Par un mémoire en défense, enregistré le 8 avril 2026, le préfet de la Moselle conclut au rejet de la requête au motif que les moyens soulevés par Mme C… ne sont pas fondés.
Vu les autres pièces du dossier.
Vu :
- la convention européenne de sauvegarde des droits de l’homme et des libertés fondamentales ;
- le code de l’entrée et du séjour des étrangers et du droit d’asile ;
- la loi n° 91-647 du 10 juillet 1991, modifiée ;
- le code de justice administrative.
La présidente du tribunal a désigné Mme Ducos de Saint Barthélémy de Gélas, première conseillère, pour statuer sur les demandes relevant de la procédure prévue à l’article L. 922-2 du code de l’entrée et du séjour des étrangers et du droit d’asile.
Les parties ont été régulièrement averties du jour de l’audience.
Ont été entendus, au cours de l’audience publique :
- le rapport de Mme Ducos de Saint Barthélémy de Gélas ;
- les observations de Me Taillon, avocat commis d’office représentant Mme C…, présente et assistée d’une interprète en langue roumaine, qui conclut aux mêmes fins que sa requête par les mêmes moyens, et soutient en outre que le préfet n’a pas procédé à un examen particulier de sa situation personnelle ;
- et les observations de M. E…, représentant le préfet de la Moselle.
La clôture de l’instruction a été prononcée à l’issue de l’audience en application de l’article R. 922-16 du code de l’entrée et du séjour des étrangers et du droit d’asile.
Considérant ce qui suit :
Mme D… C…, ressortissante roumaine née le 14 novembre 1994, a déclaré être entrée irrégulièrement en France en 2018. Par un arrêté en date du 25 mars 2026, dont elle demande l’annulation, le préfet de la Moselle l’a obligée à quitter le territoire français sans délai, l’a interdite de circuler sur ce territoire pour une durée de deux ans et a fixé le pays de destination de sa reconduite. Par un arrêté du même jour, le préfet de la Moselle a ordonné son placement en rétention administrative.
Sur les conclusions à fin d’annulation :
En ce qui concerne les moyens communs aux décisions attaquées :
En premier lieu, Mme B… A…, cheffe du bureau de l’éloignement et de l’asile de la préfecture de la Moselle, qui a signé l’arrêté attaqué, bénéficiait, par arrêté du préfet de la Moselle du 26 novembre 2025, régulièrement publié le lendemain au recueil des actes administratifs n° 257 de la préfecture, d’une délégation de signature à l’effet de signer les actes se rapportant aux matières relevant de son bureau, au nombre desquelles figurent les décisions en litige, en cas d’absence ou d’empêchement de MM. Julien Clasquin et Lionel Calvet, directeur et directeur adjoint de l’immigration et de l’intégration.
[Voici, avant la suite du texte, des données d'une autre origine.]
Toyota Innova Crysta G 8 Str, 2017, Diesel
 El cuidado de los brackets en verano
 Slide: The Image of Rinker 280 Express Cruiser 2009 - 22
Il ne ressort pas des pièces du dossier que ces derniers n’auraient pas été absents ou empêchés à la date de l’arrêté attaqué. Dès lors, le moyen tiré de l’incompétence de la signataire de cet acte doit être écarté comme manquant en fait.
En deuxième lieu, les décisions contestées comportent, chacune en ce qui les concerne, les considérations de droit et de fait qui en constituent le fondement. L’arrêté en litige relève en particulier que Mme C… est célibataire et sans enfant, et que si elle déclare être hébergée à Metz, elle n’en justifie pas. Dans ces conditions, le moyen tiré de l’insuffisance de motivation des décisions contenues dans l’arrêté contesté ne peut qu’être écarté.
En troisième lieu, les conditions de notification d’une décision sont sans incidence sur sa légalité. Par suite, Mme C… ne saurait utilement soutenir que l’arrêté litigieux ne lui a pas été notifié dans une langue qu’elle comprend.
En quatrième lieu, il ressort des termes de l’arrêté attaqué, tel que décrits au point 3, et des pièces du dossier, que le préfet de la Moselle a procédé à un examen particulier de la situation personnelle de la requérante. Ce moyen doit ainsi être écarté.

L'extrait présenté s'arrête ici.